(Captioned web image data)
<<<<

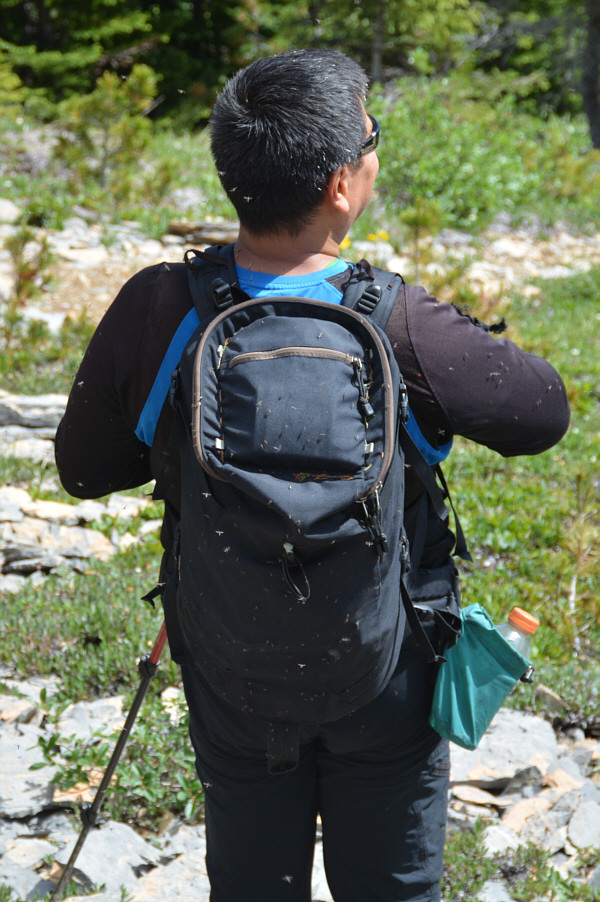 I'm still itchy as I write this!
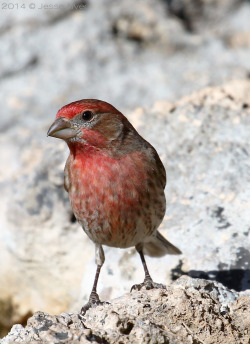 birdsonly:  Male House Finch ~ Hausgimpel
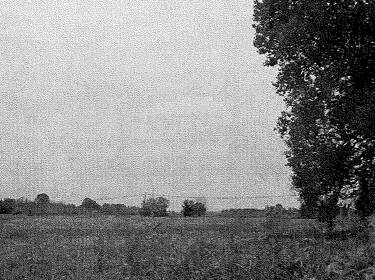 foto principale del terreno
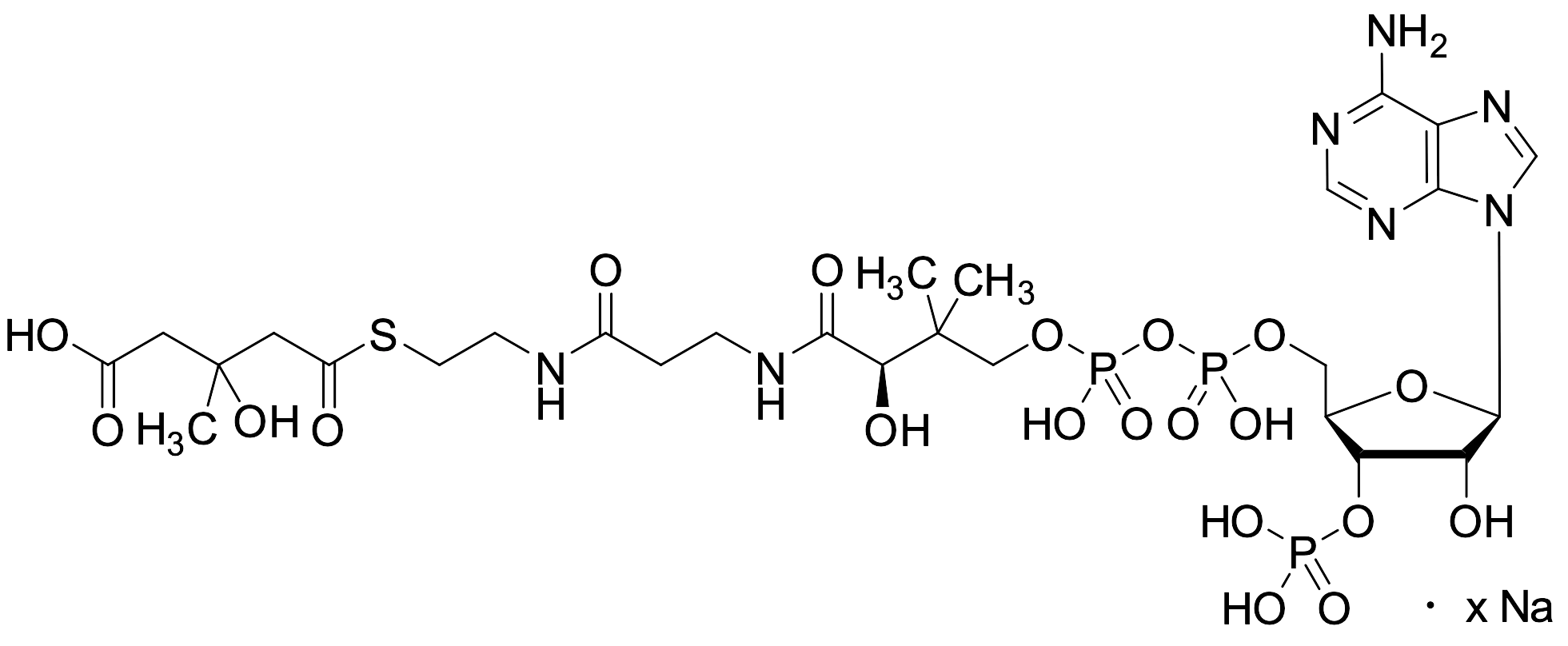 HMG-CoA Sodium Salt - image 1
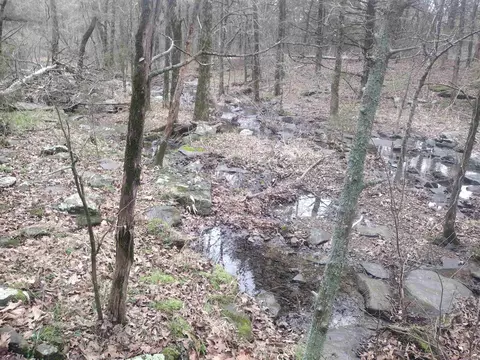 3 Arkansas 14, Mountain View, AR 72560 photo 3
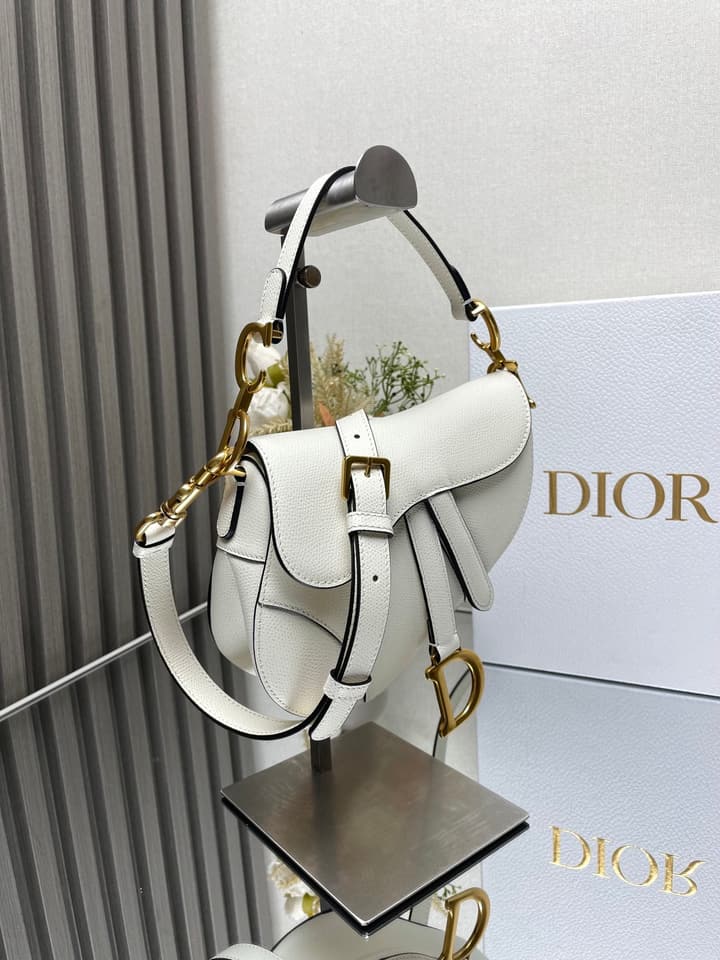Dior Saddle Bag in Beige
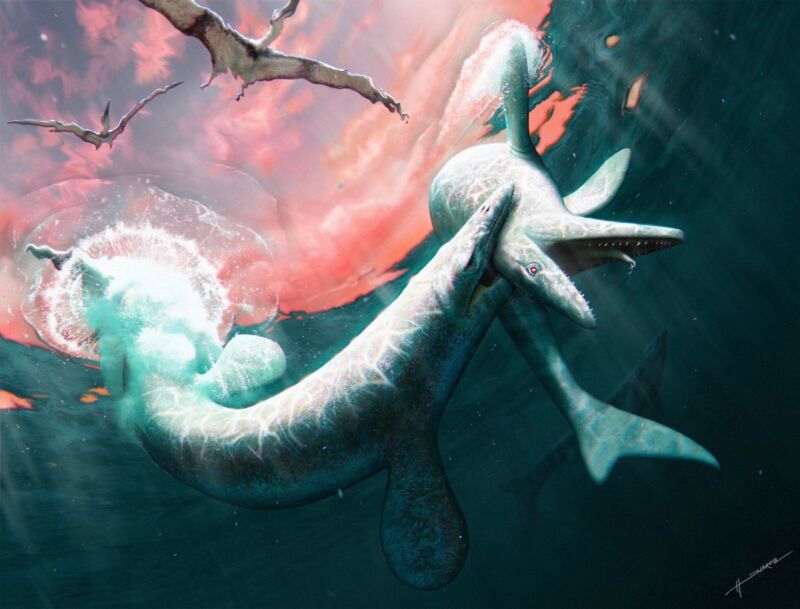 Artist's depiction of one mosasaur biting another.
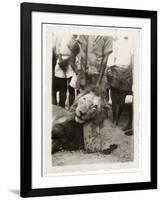 Lion Tué À La Mission de Luashi, c.1940-null-Framed Giclee Print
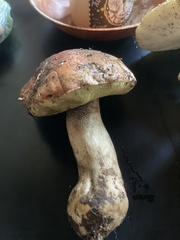 Boletus regineus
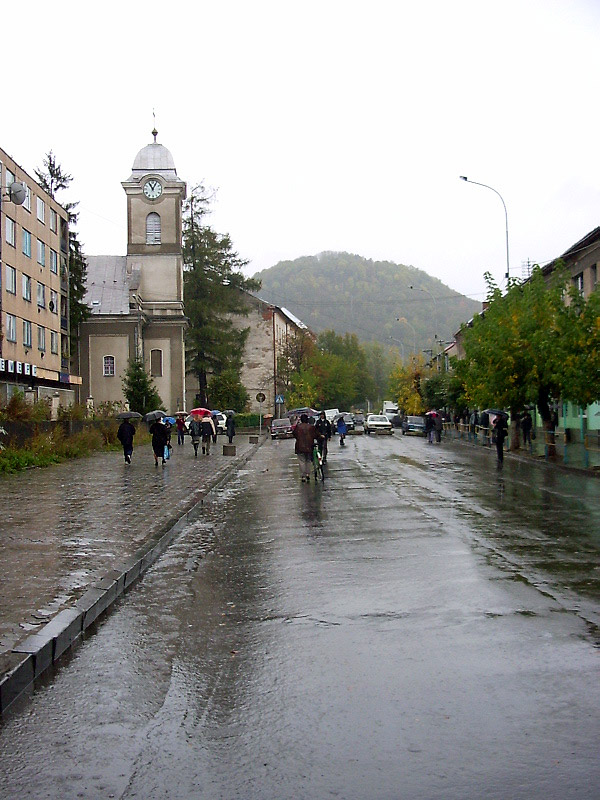Центр міста і Замкова гора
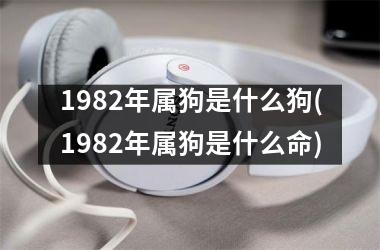 1982年属狗是什么狗(1982年属狗是什么命)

>>>>

What you need to do :: Transcription of the lines from the one with "Boletus regineus" through the end of the entries is required, exact and with no pictures.

Exercise answer ::
 Boletus regineus
Центр міста і Замкова гора
 1982年属狗是什么狗(1982年属狗是什么命)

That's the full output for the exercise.